Here's my latest pet peeve...

Remember when the Android Gmail client first got the feature where you would drag the inbox or any list view down as if you were trying to scroll past the top of the page, and it would put a little colorful horizontal animation bar at the top of the screen while it checked for new messages, and then the messages would show up there?

This was brilliant. After all, when a list of messages is sorted with the newest on top, if you want to see an even newer message you'll naturally try to look at what's above the topmost message. There's no real difference between scrolling somewhere in the midst of the list and scrolling when you're already at the top: if you drag the list down, you want to see something newer than what is currently displayed.

Then Material Design came along and turned that unobtrusive animated bar at the top into a circle thing that follows you and spins as you drag down and then spins back when you let go. Unlike the animation bar which was displayed exactly where any new messages would appear, the circle jumps up and down saying "Look at me! Look at me!" In fact, the spinning circle obstructs your view of the messages in the list: "Don't look at those messages! I, the spinning circle, am much more important!" A far cry from the previous unobtrusive animated bar.

But even though the visual appearance became annoying, at least the gesture still did the right thing.

Part of what made this gesture work is the fact that it's non-destructive: Checking for new messages has no effect on the messages already in the list on your screen.

But then things went very wrong.

The Chrome team for Android saw this and said, "Wow!
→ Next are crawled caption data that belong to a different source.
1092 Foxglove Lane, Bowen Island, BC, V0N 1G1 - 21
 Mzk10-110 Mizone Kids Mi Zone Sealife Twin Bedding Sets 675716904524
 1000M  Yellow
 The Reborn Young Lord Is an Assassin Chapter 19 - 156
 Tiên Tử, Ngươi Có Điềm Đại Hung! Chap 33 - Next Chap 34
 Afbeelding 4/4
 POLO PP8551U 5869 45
Dragging down is the new way to refresh. And it has such a cool animation. We'll make that gesture refresh in Chrome too!"

So try to scroll to the top of a page and you'll get the spinning circle unless you stop just in time. If you're a very fast thinker, you may see the circle and realize you can cancel that pending reload by dragging back up a bit. (Don't let go!)

This is pure stupidity. Reloading a web page is a destructive operation. You may end up with a whole new version of a dynamically generated page. It may blank out the entire page if it can't connect.

This doesn't in any way resemble the nondestructive act of checking for new messages at the top of a Gmail list. It's something you're very likely to do by mistake - I've done it hundreds of times since this change rolled out.

Refreshing a web page should be something you explicitly request, not something that happens to you when you were just trying to scroll to the top of the page and accidentally dragged a little too far.

This chasing of fads is why I am fed up with Design.

1 comments

You got the refresh / circle only if you scroll when you're already at the top of the page though.